Autre phénomène propre au secteur : malgré quelques intégrations de jeunes pousses (comme GT Concept au sein du sellier français Devoucoux) ou partenariats (entre la jeune pousse Arionéo et le sellier CWD), les acteurs du monde du cheval seraient encore peu nombreux à s'appuyer sur les startups pour mutualiser leurs recherches.

"Les grandes marques se rendent compte que les startups développent des produits intéressants, mais ces collaborations n'arrivent pas encore au niveau de ce qui peut se faire dans le numérique", nuance Lory Gonzales.

Pour cela, le Cluster régional dédié à la santé équinelancé il y a tout juste un an sous l'impulsion de la CCI Lyon Métropole Saint-Etienne Roanne, ambitionne justement de "rassembler et fédérer les entreprises autour de la santé et du bien-être du cheval", et de "renforcer la notoriété des entreprises de cette filière, en étant à la pointe de l'innovation".
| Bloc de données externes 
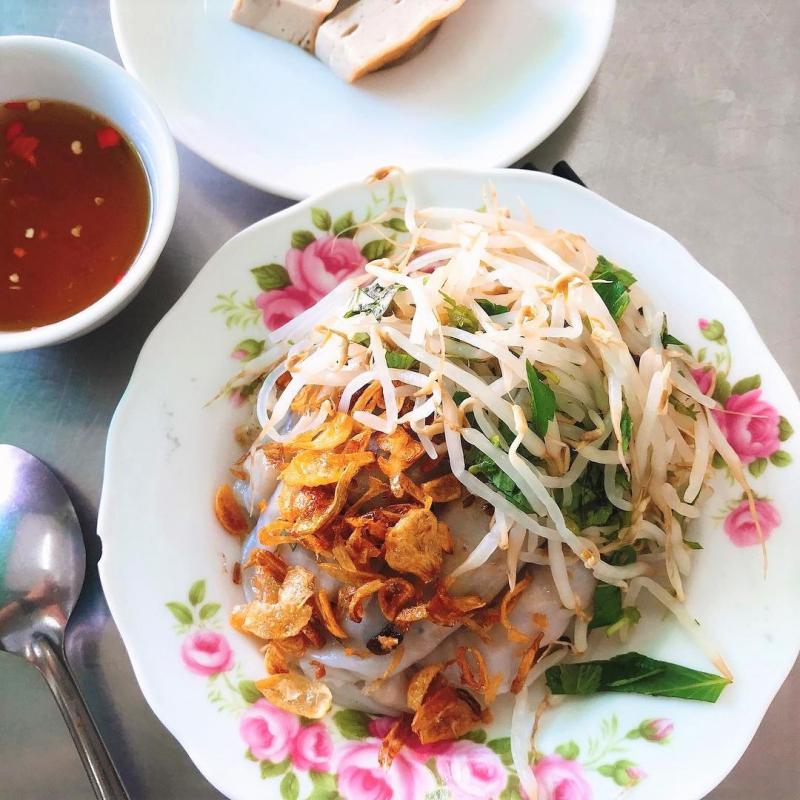 Bánh cuốn chợ Bàn Cờ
 S'il rassemble déjà plusieurs entreprises, petites et grandes, qui développent de nouvelles techniques pour la santé et le bien-être du cheval, son ambition est justement de fédérer, dans un second temps, également la clientèle avec les établissements équestres et élevages possédant un certain nombre de chevaux.

"En Auvergne Rhône-Alpes, il faut reconnaître qu'on a une région complète puisqu'on regroupe à la fois de grosses entreprises mais aussi  beaucoup de startups qui s'intéressent à ça, ainsi qu'un potentiel important puisque nous sommes la 2e région française d'élevage (après la Normandie) et au niveau équitation (après l'Ile-de-France)", reconnaît son président Marc Damians. Et d'ajouter : "Les jeunes entreprises ont besoins de relais, de connaître la clientèle et d'être connues et le Cluster peut à ce titre jouer un rôle de mise en relation".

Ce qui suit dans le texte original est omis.